Clara, a pesar de los pies doloridos, echaba de menos andar por los miradores y contemplar ese mar de olivos. Su hermana Sofía había descrito ese andar, no como hacía ella, que lo definía como deporte, sino que lo definía como un paseo contemplativo y poético. Porque Clara andaba con su paso corto y descompensado, parándose cada poco a contemplar el paisaje y hacer fotos. Luego las compartía con familia y amigos.
Esa diferencia era el mapa que separaba sus dos mundos. Para Sofía, el camino era una línea recta hacia un objetivo: el mirador final, la cima, el kilómetro recorrido. Su andar era un ritmo constante, un latido eficiente de zapatillas sobre la tierra. Para Clara, en cambio, el camino era un destino en sí mismo, un libro abierto cuyas páginas había que leer con lentitud.
Mientras Sofía sudaba la camiseta, Clara recogía el susurro del viento entre las hojas plateadas de los olivos. Mientras Sofía contaba los minutos, Clara contaba los tonos de verde y ocre en la tierra. Su paso corto y descompensado no era una limitación, sino la herramienta que le permitía descubrir el hilo de plata de una telaraña entre las ramas, o la forma perfecta de una piedra blanquecina a la orilla del sendero.
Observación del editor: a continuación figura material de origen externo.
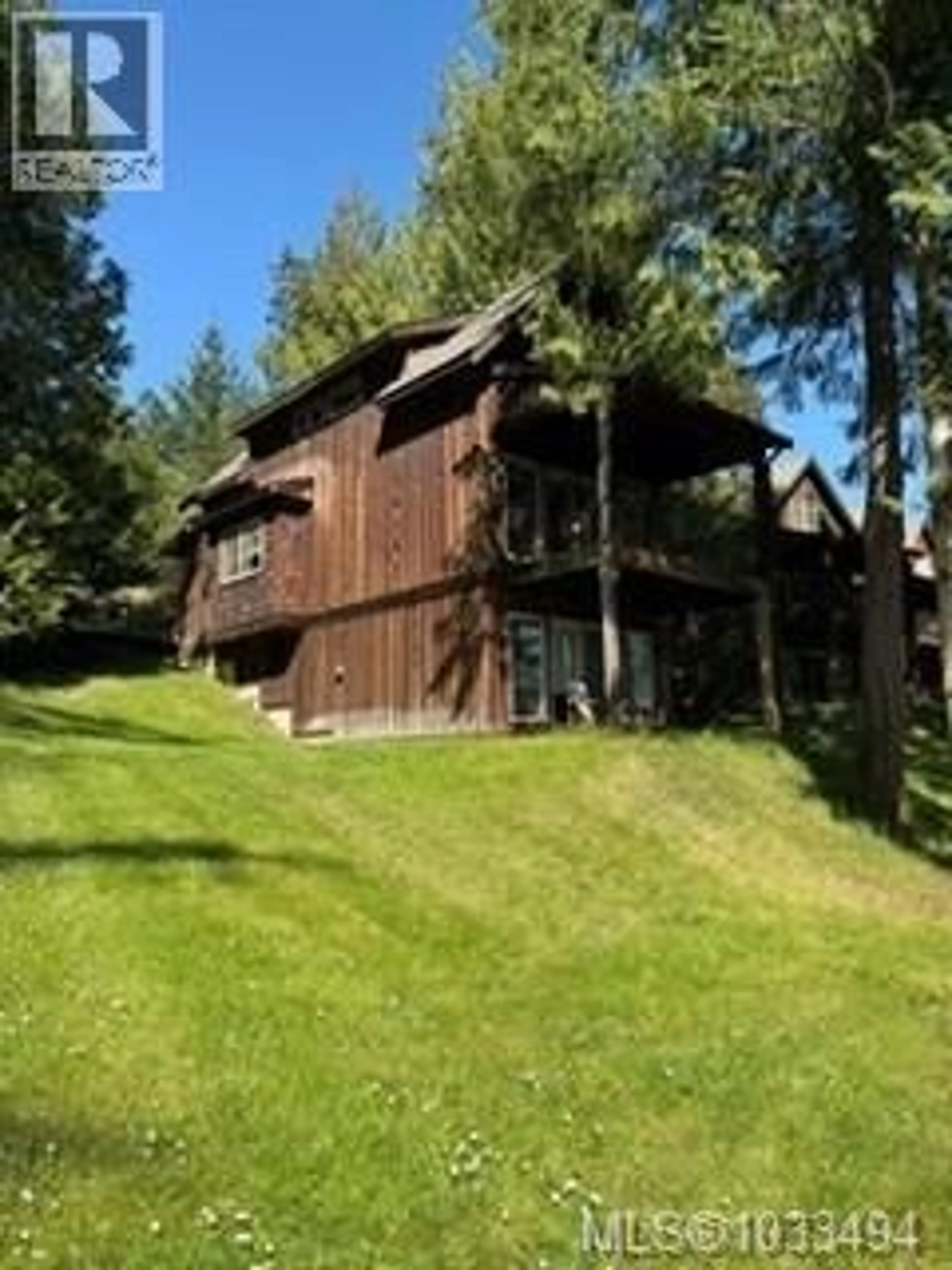 A pic from outside/outdoor area/front of a property/back of a property/a pic from drone, water/lake/river/ocean view for 38 - 315 ROBINSON ROAD, Salt Spring British Columbia V8K1P7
Cada parada era un descubrimiento: el aleteo de una abubilla, el olor a tomillo al ser pisado, la manera en que la luz del atardecer doraba el tronco retorcido de un olivo milenario. Su cámara no era más que el cuaderno de campo donde anotaba esos versos sueltos que la naturaleza le regalaba. Luego, en la quietud de su casa, esas fotografías se convertían en postales íntimas, en ventanas que abría para su familia y amigos, invitándolos a detenerse, a mirar el mundo con sus ojos poéticos.
Y aunque ahora, con los pies vendados y reposando en el sillón, el dolor era real, en su mente seguía paseando. Porque Clara había aprendido que lo importante no era la distancia recorrida, sino la profundidad de la mirada. Y su mirada, lenta y curiosa, había hecho del mar de olivos un océano infinito.